Fr. Paul Philibert begins The Priesthood of the Faithful with
the understanding that Christ is acting on the baptized through the Holy
Spirit at all times. “Because
the role of the Holy Spirit pervades the sacramental life of the Church, it
is useful to think of the church in terms of an ecology of epiclesis.” He
notes that the word ecology refers to an interdependence of living and nonliving
in the natural environment. Epiclesis reflects a similar complex interrelationship
between the human and divine. We are asked to look at a “graced sacramental
action” according to three stages: symbolic matter (such as the liturgy
in our sacramental lives); a graced sign (the presence of the invoked Spirit
into life-giving water); and a realized mystery (one body, one Spirit in Christ
effected in Eucharist). Philibert moves from here into a brief look at the “how” of
our good works in our daily lives concluding that it is the Spirit’s
anointing that makes each of us a graced sign. This anointing is what brings
all the faithful into the “only priesthood that there is – the
priesthood of Jesus Christ.”
It is Philibert’s discussion of the rediscovery of baptismal priesthood
that brings the most comfort to those of us who carry the dis-ease of the past
few years into our churches and out again and to those who are unable to embrace
the routine of regular attendance at Mass because we just don’t feel “at
home” any more. “The Mass does not belong to the ordained” is
one of the most beautiful sentences to be found in this book but it doesn’t
come from Philibert alone. It grew out of the work of theologian Yves Congar
and others and their impact on the Vatican II document “The Constitution
on the Sacred Liturgy.”
Congar’s touching disappointment in the opening liturgy of Vatican II
speaks volumes and, in fact, this opening of the Council will strike many as
antiquated, even foreign, for the enormous distance that was so fixed between
the clergy and the congregation. The event comes across as a performance by
the ordained, the “elect,” and all others are observers – invited
to passivity. In fact, the German liturgist Jungmann noted, “A High Mass
without distribution of communion…. Perhaps the idea was to make clear
[what we have to leave behind] in matters liturgical!”

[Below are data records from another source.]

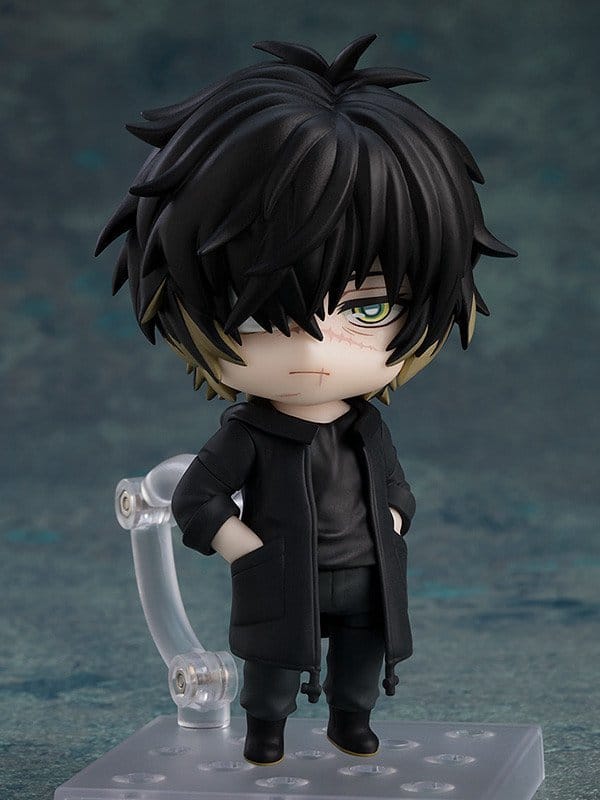 Slow Damage Nendoroid Action Figure Towa 10 cm 4570232591868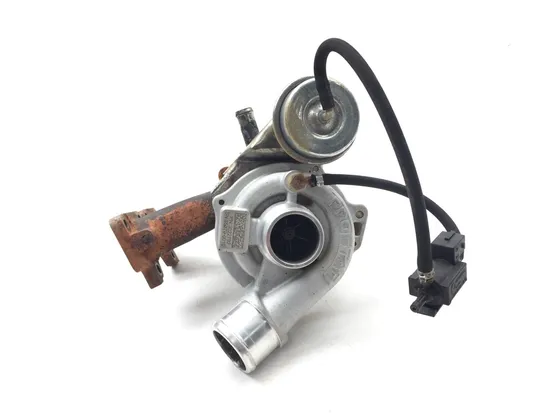 Turbo 2016 Polaris RZR XP Turbo EPS 3094 PARTS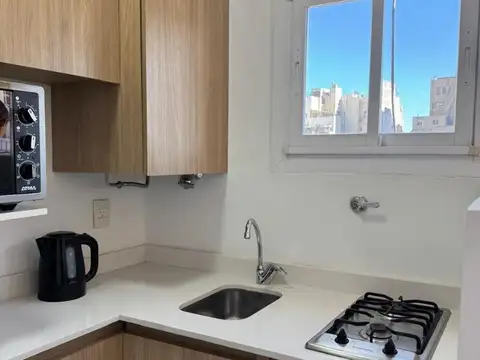 Lafinur 2900, Piso 10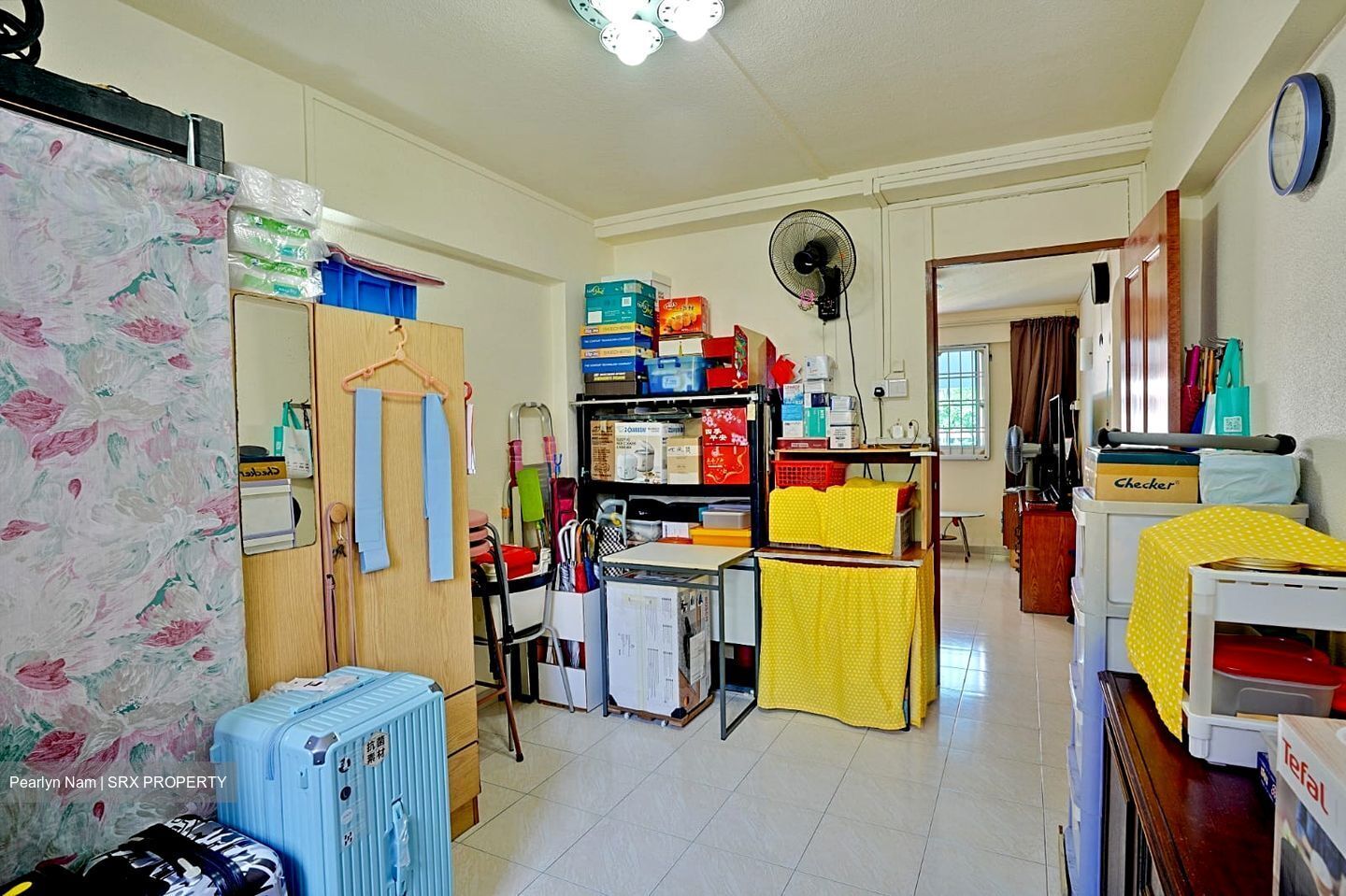Blk 514 Bedok Reservoir - Punggol Vale (Hougang), HDB 4 Rooms #577087581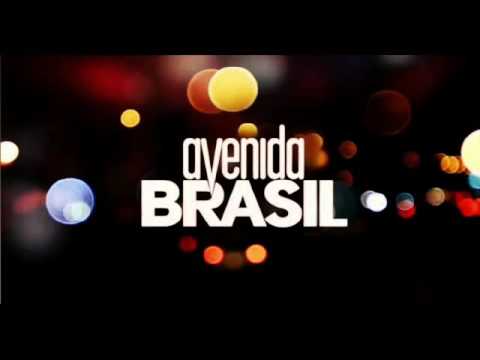 „VEM DANÇAR COM TUDO” Robson Moura & Lino Krizz („Avenida Brasil”)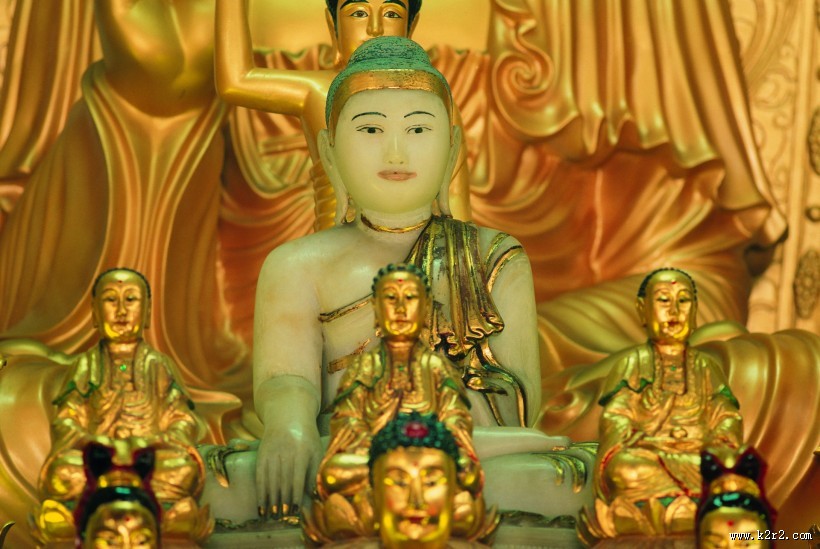 寺庙特写图片大全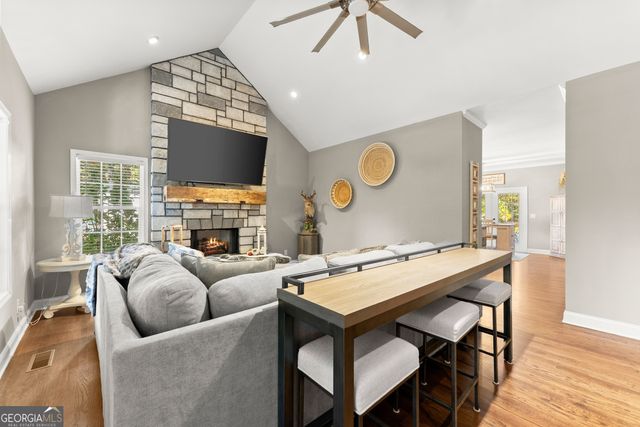255 Reece Road, Dawsonville, GA 30534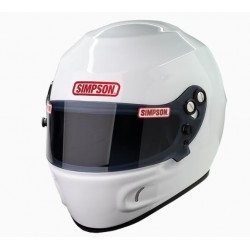 SIMPSON HELMETS - DEVIL RAY FULL FACE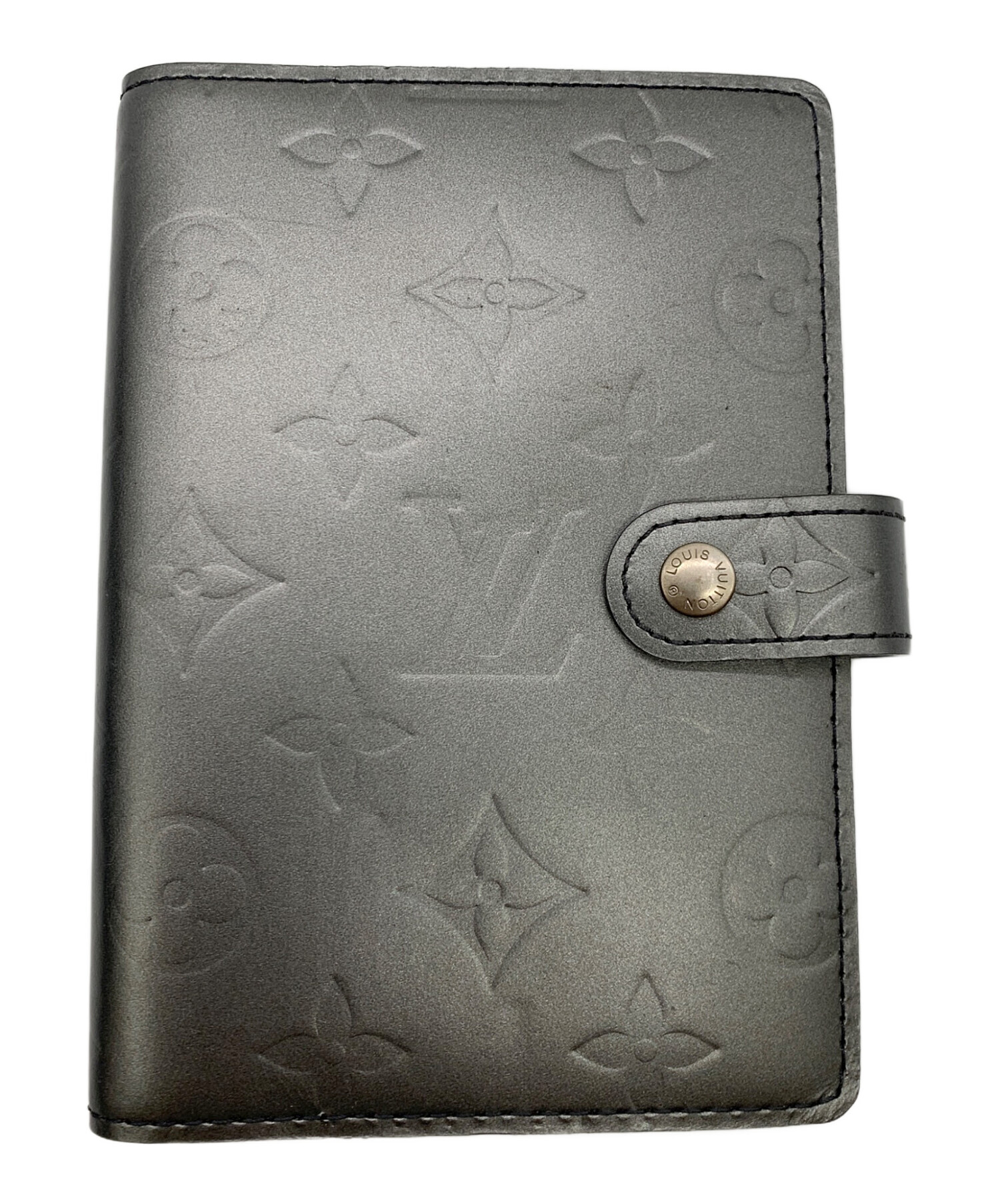 中古・古着通販】LOUIS VUITTON (ルイ ヴィトン) 手帳カバー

‘The Constitution on the Sacred Liturgy” changed all of this and
was the first document of Vatican II to be published. It established the principle
that “in every Christian liturgy, the primary celebrant is Christ Himself.” The
decades-long move toward an inclusive liturgical expression of the solidarity
of Christ with His Church succeeded and, arguably, underscores the energy behind
today’s reform efforts. These efforts attempt to reconcile the artificial
distance between the priesthood of the ordained and what Philibert calls the “priesthood
in the ordinary.”
There is much here for
every Christian reader (and not enough space to cover it all!) – for
those who feel somewhat battered during this time of horrific revelations
and for the masses of Catholic laity, so
often presumed incapable
of understanding what the ordained among us have been thinking, reading and
writing. Philibert provides both a bridge across what divides us one from the
other and a companion for the journey.
Just before The Priesthood of the Faithful concludes
with “An Open Letter
to Religious,” Philibert gifts us with this reflection:
A flourishing laity are
first of all people who know that they are loved and who feel important
in the life of the church. We find
in 1 Peter an appeal
to the newly initiated to appreciate their value in the life of the church. “You
are a chosen race, a royal priesthood, a holy nation, God’s own people,
in order that you may proclaim the mighty acts of him who called you out
of darkness into his marvelous light.”
A marvelous light, indeed!
PLT
If you read this book on your own or for a book club, please send comments
to pthorp.ed@votf.org.
Paul J. Philibert,
O.P., S.T.D., is professor of pastoral theology at the University of Fribourg
in Switzerland and was the Distinguished
Visiting
Professor
of Church and Society at the Aquinas Institute of Theology in St. Louis. His
published works include Stewards of God’s Mysteries: Priestly Spirituality
in a Changing Church (Liturgical Press, 2004).